I risultati delle primarie di oggi sono già scritti

di Carmine Pinto
Il risultato delle primarie di oggi, in provincia di Salerno, è già scritto. L’esclusione dei renziani ha determinato un sostanziale equilibrio all’interno della maggioranza: si possono confermare gli uscenti, aggiungere una posizione in sostituzione di Vaccaro (blindato da Letta a Roma) e candidare in quota di sicurezza una o due donne, sempre bersaniane. Certo, domani in molti si divertiranno per capire chi arriva prima e chi giunge dopo, ma è evidente che le posizioni utili alla elezione sono state decise una settimana fa. Gli altri candidati si affannano coraggiosamente ma sono fuori da questo schema. Non possiamo sapere se i sostenitori di Renzi potevano modificare questo equilibrio e, del resto, si sono dimostrati incerti e divisi, ma avrebbero sicuramente reso complicato la gestione di un quadro tutto interno alla maggioranza provinciale. Questo modello non è nuovo per Salerno e non lo è per l’Italia. La scelta di fare le primarie su elenchi di elettori prestabiliti, con la direzione del partito che ha potere di veto sui candidati e determina la gestione dei seggi, i cento deputati decisi a Roma, come amici dell’uno o dell’altro, erano elementi che avevano immediatamente chiarito il profilo della consultazione: una ulteriore chiamata alle armi per legittimare i gruppi dirigenti centrale e locali del Partito democratico.

Tornare su questo tema non significa fare le pulci al principale e, soprattutto, più ricco ed organizzato partito italiano. Serve a comprenderne i dati costitutivi e il ruolo che giocherà nel sistema politico dei prossimi anni. Il problema è sempre lo stesso. La sinistra ex comunista proviene dalla Guerra fredda. Il Partito comunista era legittimato a partecipare al gioco parlamentare, spesso aveva un ruolo cruciale nella legislazione sociale ed economica ma era sempre estraneo al recinto della democrazia capitalista occidentale. La tesi della repubblica consociativa ha le sue ragioni e l’intreccio tra spesa sociale e debito pubblico lo dimostra. In ogni caso, il Pci restò un partito legato al mito fondativo della rivoluzione d’ottobre praticamente fino agli anni ottanta ma, allo stesso tempo, diventò un riferimento per settori della stampa, della magistratura, della cultura. Importanti gruppi economici lo individuarono come interlocutore già nello scorcio della Prima repubblica. Nonostante questo, la maggioranza del paese non si fidava. Craxi vinse una battaglia politica ed ideologica con il Pci di Berlinguer e Natta, Berlusconi fece a pezzi Occhetto e poi ridusse a forza minoritaria prima il tentativo di D’Alema poi quello di Veltroni. Ancora oggi il PD non riesce a raggiungere i risultati della sinistra europea, pur avendo contribuito a distruggere prima Craxi e ora (forse) Berlusconi.

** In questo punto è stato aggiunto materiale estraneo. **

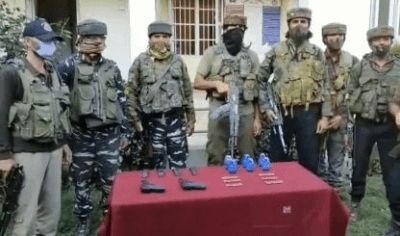 जम्मू-कश्मीर के शोपियां में हथियारों के साथ दो हाइब्रिड आतंकवादी गिरफ्तार
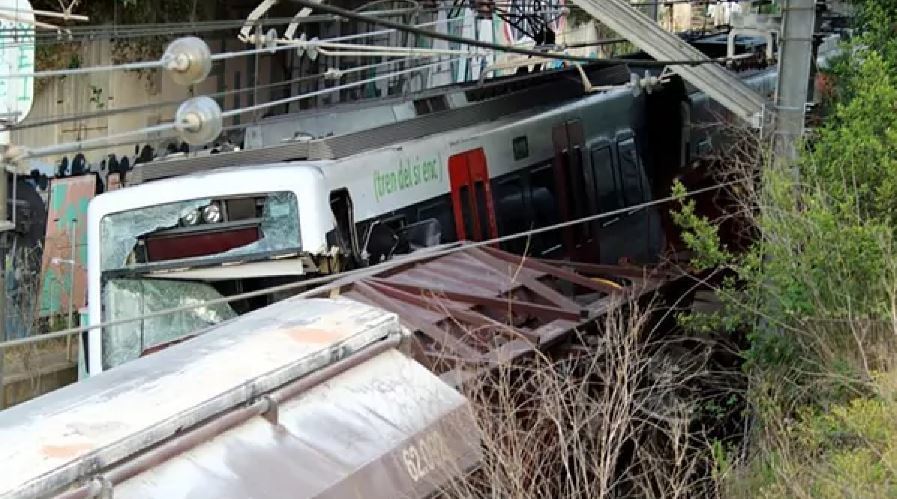 el choque de dos trenes en Sant Boi de Llobregat con un muerto y 85 heridos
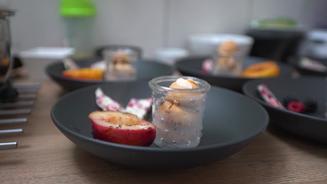Beereneis und gegrillter Pfirsich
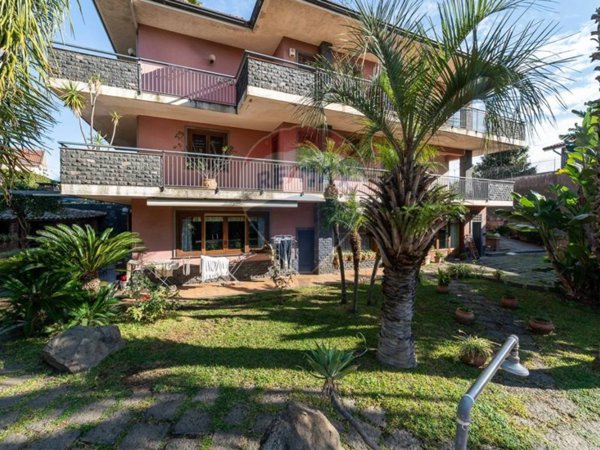 casa indipendente in vendita ad Acireale in zona San Cosmo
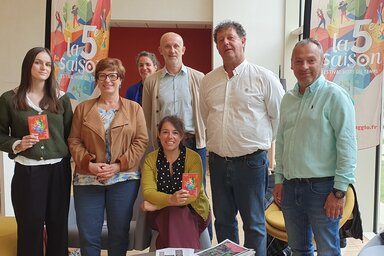 Élus et équipe du festival La 5e Saison réunis pour la présentation de l'édition 2026, programmes en main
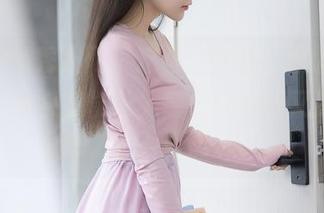 Xiuren秀人网 – 这些“灰丝”原图，白兔西希果然总能让人感到随意但又深不可测，心有些忐忑。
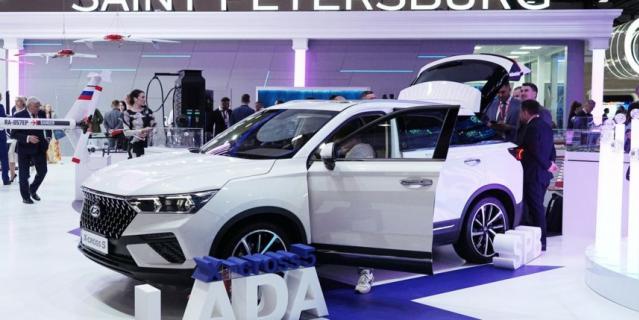 ���������� Lada X-Cross 5 �� ��������. ����: riamediabank.ru.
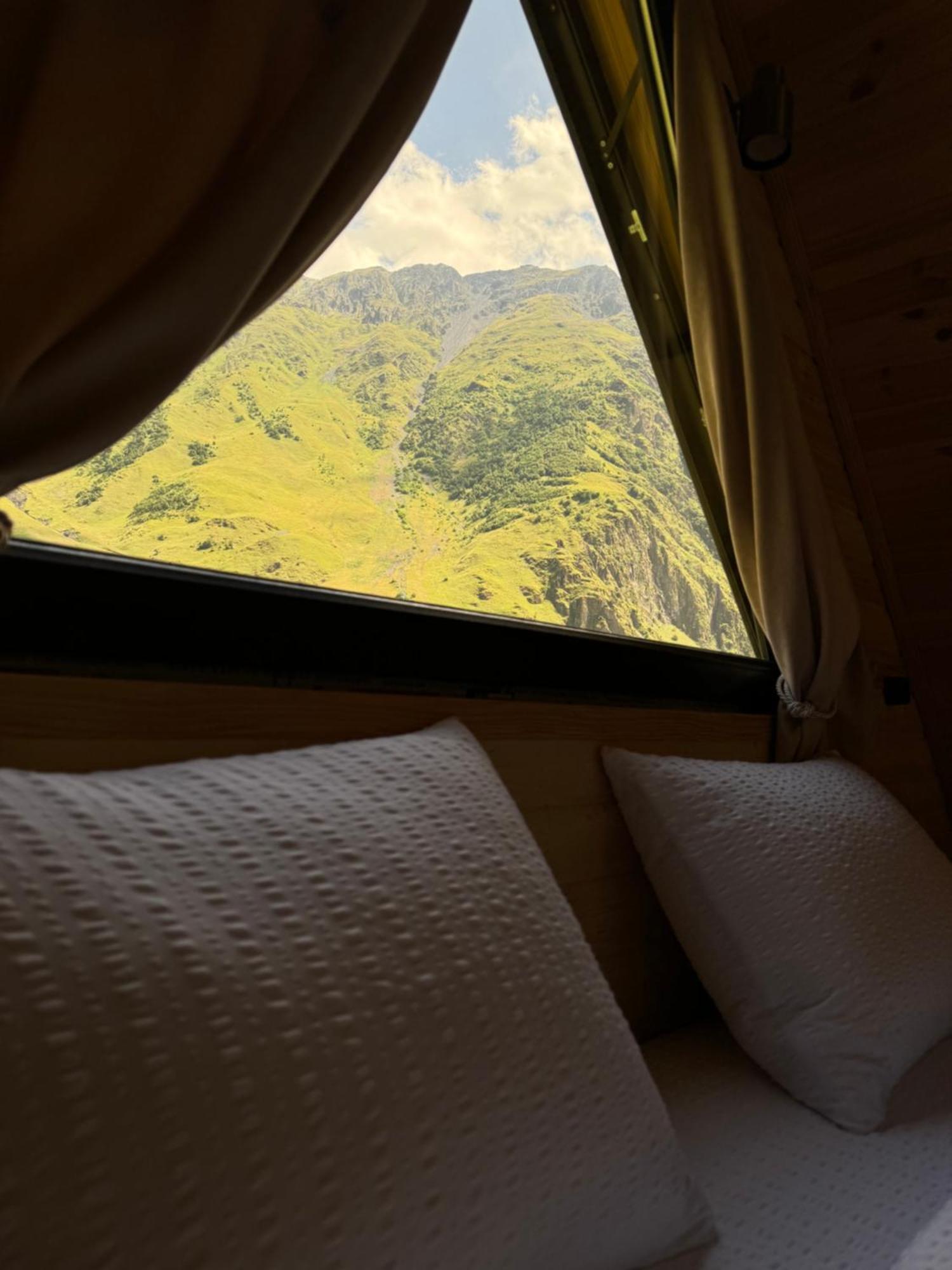 Outdoor Cottages Kazbegi エクステリア 写真
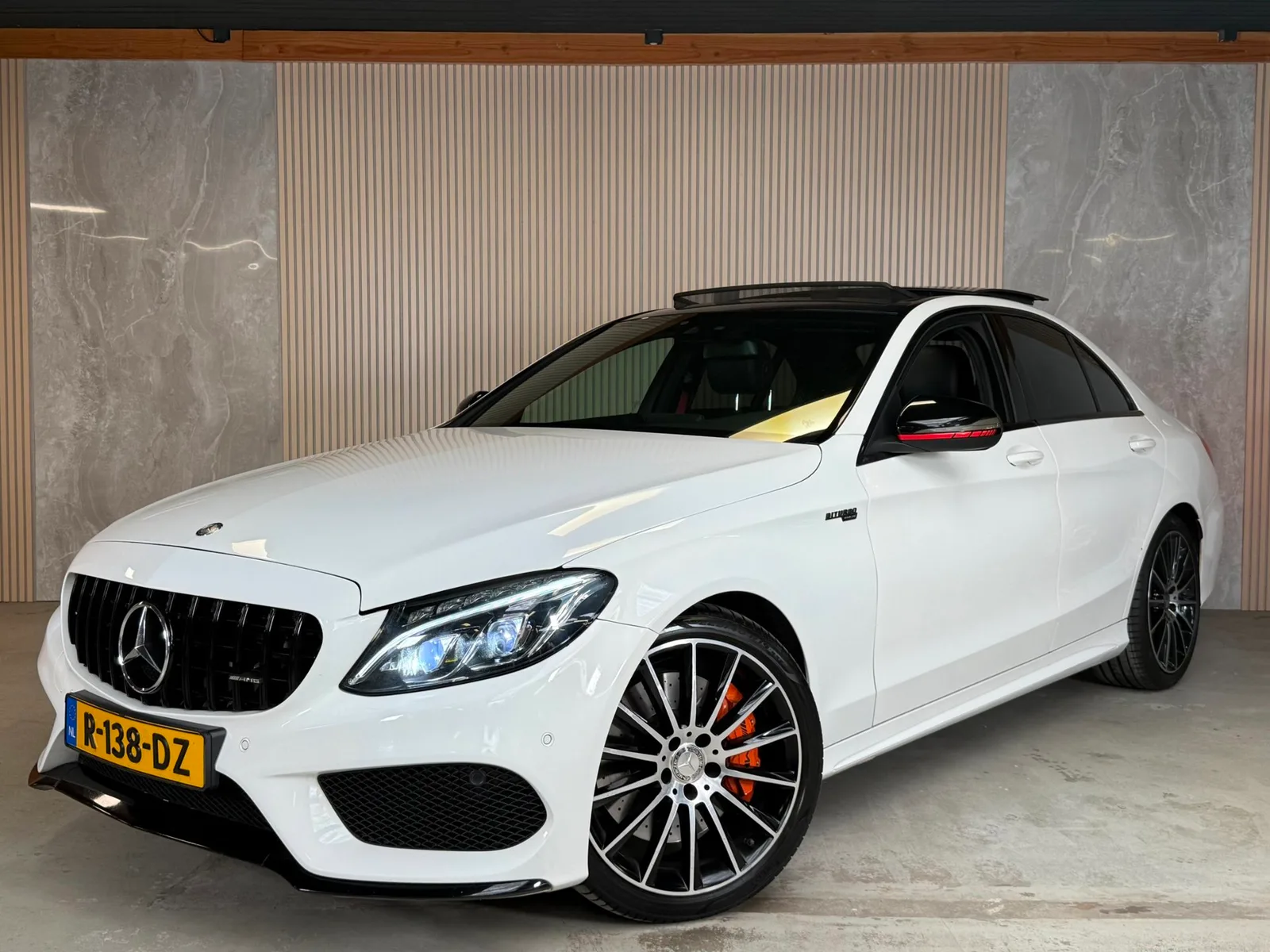 Mercedes-Benz C-Klasse (2016) — foto 1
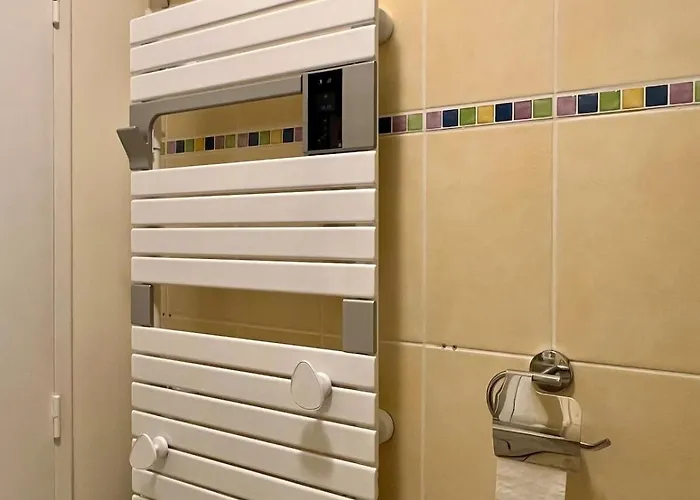 Vue Mer, Balcon, 50m & Village, Au Calme - Centre Historique, 2p Pour 4 Maximum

Le primarie erano un tentativo di superare questa condizione ma sono restate confinate in un recinto antico. Il partito di Togliatti e quello di Berlinguer cercavano nella piazza la legittimazione che gli era impedita dalla collocazione internazionale. Le adunate di massa con le bandiere rosse che periodicamente giungevano a Roma e nelle principali città italiane servivano ad offrire un senso di appartenenza ai militanti e una immagine di partito nazionale ad amici ed avversari, confermando la funzione del gruppo dirigente e del leader. Le primarie hanno ereditato il ruolo dei cortei. Mobilitano militanti e simpatizzanti, creano entusiasmo e visibilità mediatica, soprattutto assegnano ai leader nazionali e locali una legittimazione importante, ma decidono poco o nulla. Questa sera vedremo se anche il voto di Salerno ci dirà che è proprio così, che il risultato è già deciso.